Diane Whitmore Schanzenbach
IPR Director and economist

New fellows (from left to right): Economist Elisa Jácome, African American Studies scholar Keeanga-Yamahtta Taylor, and political scientist Brian Libgober.

IPR's new fellows (from left to right): Economist Elisa Jácome, African American Studies scholar Keeanga-Yamahtta Taylor, and political scientist Brian Libgober.

Three new fellows joined Northwestern’s Institute for Policy Research (IPR) in September, adding their expertise in critical areas of the Institute’s interdisciplinary social policy research portfolio: Economist Elisa Jácome, political scientist Brian Libgober, and African American Studies scholar Keeanga-Yamahtta Taylor.

“We are excited to welcome Elisa, Brian, and Keeanga to IPR,” said IPR Director and economist Diane Whitmore Schanzenbach, the Margaret Walker Alexander Professor of Human Development and Social Policy. “Their impressive scholarship aligns with long-standing research themes of our 160-plus faculty, and we look forward to the fresh perspectives they will bring to our interdisciplinary research community.”

IPR also celebrates five of its fellows who were recently promoted with tenure: political scientists Tabitha Bonilla and Chloe Thurston, developmental psychologists Onnie Rogers and Terri Sabol, and economist Hannes Schwandt.

Introducing IPR’s New Fellows for 2022–23

Keeanga-Yamahtta TaylorElisa JácomeBrian Libgober

Confronting Race, Politics, and Class: Keeanga-Yamahtta Taylor

Keeanga-Yamahtta TaylorKeeanga-Yamahtta Taylor, an award-winning scholar and public intellectual, returns to Northwestern where she earned her PhD in 2013, as the Leon Forrest Professor of African American Studies. She examines racism, inequality, Black politics, radical politics, and social movements in the United States, both in historical and contemporary contexts.

Awarded Guggenheim and MacArthur fellowships in 2021, Taylor’s current projects look at the dynamics of race, class, and politics in the first generation after the Black social movements of the 1960s along with the Black radical tradition mediated through the life and politics of scholar and activist Angela Y. Davis.

Her recent book, Race for Profit: How Banks and the Real Estate Industry Undermined Black Homeownership (University of North Carolina Press, 2019), meticulously traces how 1968’s Housing and Urban Development Act banned exclusionary practices and guaranteed mortgage lending to Black homebuyers—but also gave rise to a more sinister form of housing discrimination. Calling it “predatory inclusion,” she explains how this phenomenon created perverse incentives for bankers, investors, and real estate agents to engage in exploitative practices with disastrous consequences for Black homeowners. The book was a semi-finalist for the 2019 National Book Award and a finalist for the 2020 Pulitzer Prize in History. The New Yorker called it “groundbreaking.”

Her previous award-winning book, From #BlackLivesMatter to Black Liberation (Haymarket Books, 2016), examines the BLM movement’s emergence and the persistence of racism and structural inequality in the United States. And her book How We Get Free: Black Feminism and the Combahee River Collective (Haymarket Books, 2017) won the Lambda Literary Award for LGBTQ non-fiction in 2018. 

A former contributing opinion writer for The New York Times, she now writes for The New Yorker covering topics that include identity politics, racism, and abortion.
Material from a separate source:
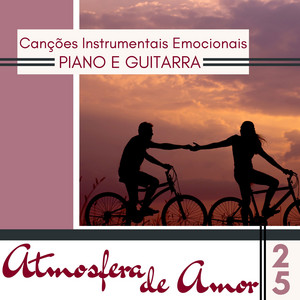 Atmosfera de Amor - 25 Canções Instrumentais Emocionais, Piano e Guitarra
Her writing has also appeared in outlets such as the Los Angeles Times, Paris Review, and The Guardian.

Prior to returning to Northwestern, she was a professor in Princeton University's department of African American studies from 2014–22.

Read more about her.

Investigating Crime, Mobility, and Immigration: Elisa Jácome

Elisa JácomeIPR economist Elisa Jácome, who spent 2021–22 as a postdoctoral fellow at the Stanford Institute for Economic Policy Research, studies topics in labor economics, public economics, and economic history. She focuses on questions related to criminal justice, mental health, immigration, and intergenerational mobility. She received her PhD in economics from Princeton in 2021.

An assistant professor in Northwestern’s department of economics, Jácome studies issues around mental healthcare and crime. One of her current research studies explores how losing access to Medicaid services could be linked to a rise in criminal activity: Low-income men who age out of eligibility for Medicaid are 14% more likely to be incarcerated in the next two years, and the increase is entirely driven by men with histories of mental health illness. Jácome argues that policymakers might consider improving access to mental healthcare as one of the tools in their arsenal for reducing crime and criminal justice expenditures.
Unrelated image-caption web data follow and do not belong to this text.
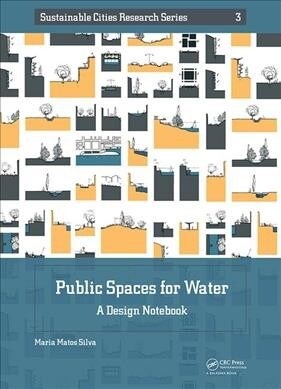 Public Spaces for Water : A Design Notebook (Hardcover)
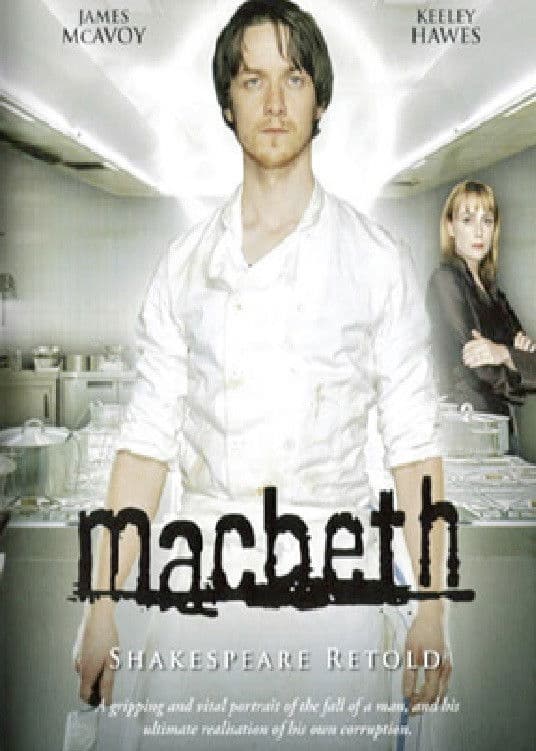 ShakespeaRe-Told: Macbeth
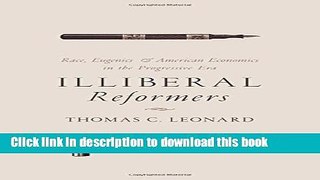 Read Books Illiberal Reformers: Race, Eugenics, and American Economics in the Progressive Era PDF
She has also examined trends in U.S. intergenerational mobility. A 2021 study she co-authored in the American Economic Review examined how millions of father-and-son pairs have fared since the 1880s, revealing that children of immigrants are more upwardly mobile than U.S.-born children, both historically and today. It received widespread media attention, including from The New York Times and Bloomberg.
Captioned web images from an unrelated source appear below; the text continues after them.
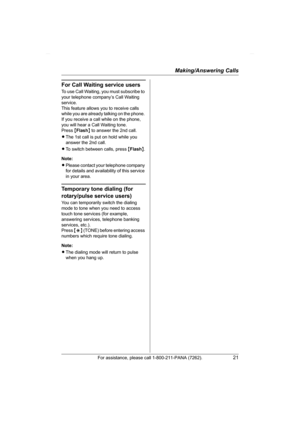 Page 21Making/Answering Calls
For assistance, please call 1-800-211-PANA (7262).21
For Call Waiting service users
To use Call Waiting, you must subscribe to 
your telephone company’s Call Waiting 
service.
This feature allows you to receive calls 
while you are already talking on the phone. 
If you receive a call while on the phone, 
you will hear a Call Waiting tone. 
Press {Flash} to answer the 2nd call.
LThe 1st call is put on hold while you 
answer the 2nd call.
LTo switch between calls, press {Flash}....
Jácome is now studying the effect of higher levels of immigration enforcement on crime and crime reporting, as well as investigating trends in intergenerational mobility over the 20th century and how including women and Black Americans in such research changes our understanding of the evolution of intergenerational mobility.

Read more about her.

Scrutinizing Inequality, Interest Groups, and Institutions: Brian Libgober

Brian LibgoberIPR political scientist and legal scholar Brian Libgober is interested in the relationship between economic inequality, interest group power, and the design of legal institutions. His research focuses on the political economy of American institutions, with a particular focus on administrative policymaking, interest group politics, and financial regulation.

A prize-winning study he co-authored examined 300,000 comments on 800 regulatory actions that organizations made on the Dodd-Frank Wall Street Reform and Consumer Protection Act of 2010 to U.S. agencies. The unique dataset shows how comments from wealthier organizations—which tend to be more sophisticated, likely due to their wealth and access to lobbyists—were more successful in influencing the agencies and the resulting policymaking. The study raises questions about equity in the legislative process.

Libgober, who is assistant professor of political science and of law (by courtesy), also studies access to justice, including racial discrimination in the job market. Recently, he and two collaborators received a National Science Foundation grant to conduct a follow-up study on a field experiment using cold email requests for representation to lawyers. The 2020 study shows how those with Black-sounding names were less likely to get a response than those with White-sounding ones. A number of media outlets covered the findings.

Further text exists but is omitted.